Claim Rejections - 35 USC § 112
Claim 37 rejected under 35 U.S.C. 112(b) or 35 U.S.C. 112 (pre-AIA ), second paragraph, as being indefinite for failing to particularly point out and distinctly claim the subject matter which the inventor or a joint inventor (or for applications subject to pre-AIA 35 U.S.C. 112, the applicant), regards as the invention.
Claim 37 recites the limitation "the identifier associated with the second client device" in 2. There is insufficient antecedent basis for this limitation in the claim.
Claim Rejections - 35 USC § 101
35 U.S.C. 101 reads as follows:
Whoever invents or discovers any new and useful process, machine, manufacture, or composition of matter, or any new and useful improvement thereof, may obtain a patent therefor, subject to the conditions and requirements of this title.
This subject matter eligibility analysis follows the latest guidance for Patent Subject Matter Eligibility Guidance.
Claims 21 – 40 are rejected under 35 U.S.C. 101 because the claimed invention is directed to non-statutory subject matter.
Step 1:
Initially, under Step 1 of the analysis, it is noted that the claims are directed towards eligible categories of subject matter.
Step 2A:
Prong 1: Does the Claim recite an Abstract idea, Law of Nature, or Natural Phenomenon?

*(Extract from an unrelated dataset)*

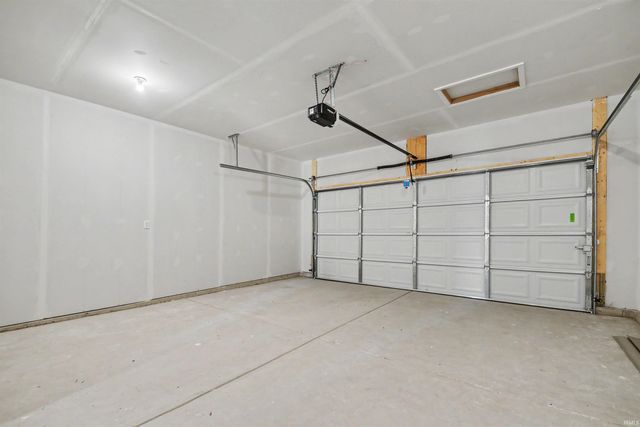 52070 Olympus Pass, Granger, IN 46530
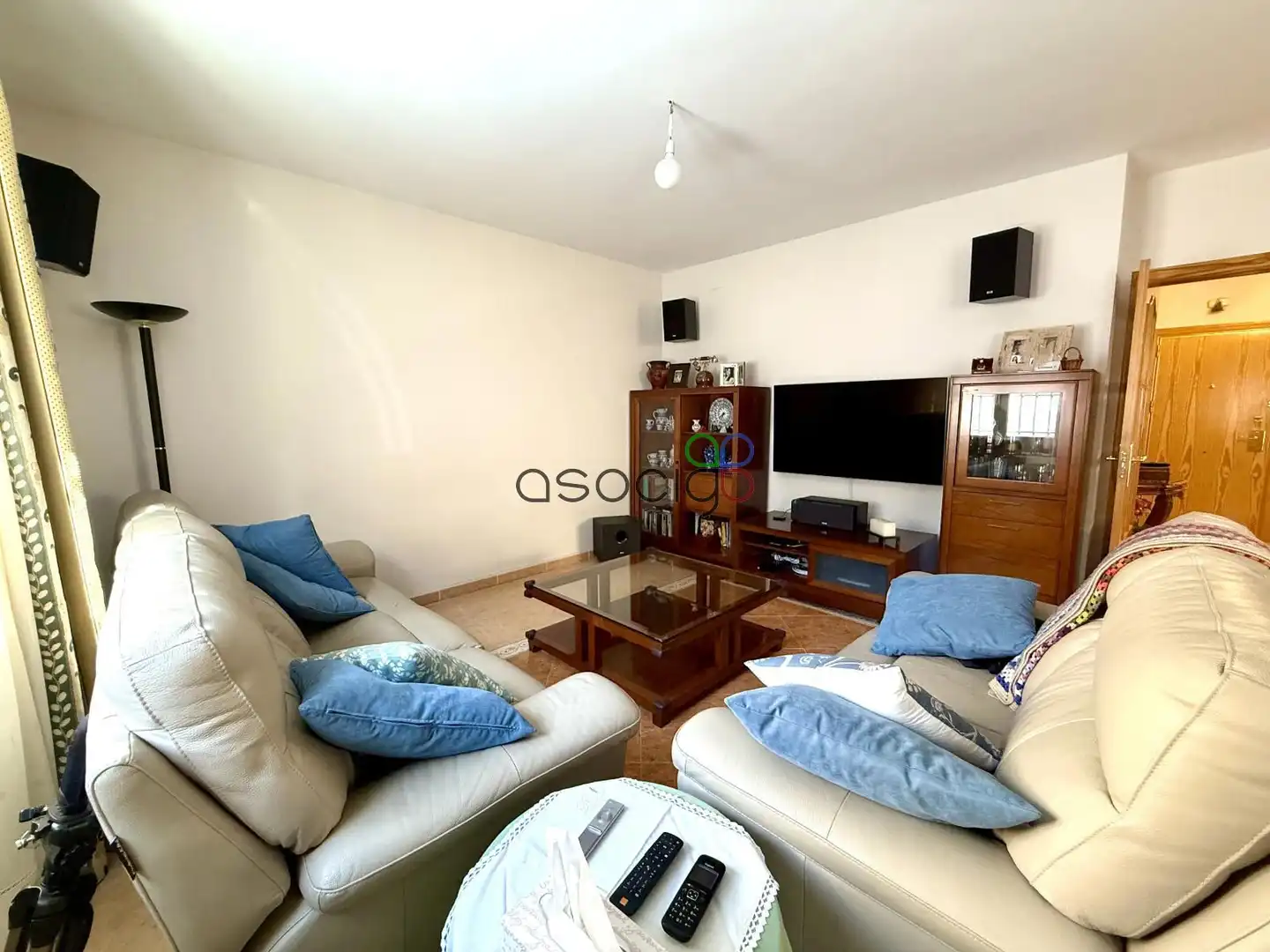 Sala de estar de Casa adosada en venta en Cabanillas del Campo con Aire acondicionado, Calefacción y Jardín privado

Claims 21 - 27 are exemplary because they require substantially the same operative limitations of the remaining claims (reproduced below.) Examiner has underlined the claim limitations which recite the abstract idea, discussed in detail in the paragraphs that follow.
21. (New) A computer-implemented method for exchanging virtual game items in a location-based game, the method comprising:
receiving, by a game server and from a first client device associated with a first player, an identifier of a second player as first device proximity detection information indicating that the first client device has detected a second client device within a proximity of the first client device, the second client device associated with the second player of the location-based game;
determining, by the game server and in response to receiving the first device proximity detection information, whether predetermined data has been received by the game server from the second client device; and
in response to determining receipt of the first device proximity detection information and the predetermined data, transmitting, by the game server, game data associated with an exchange of virtual game items to at least one of the first and second client devices.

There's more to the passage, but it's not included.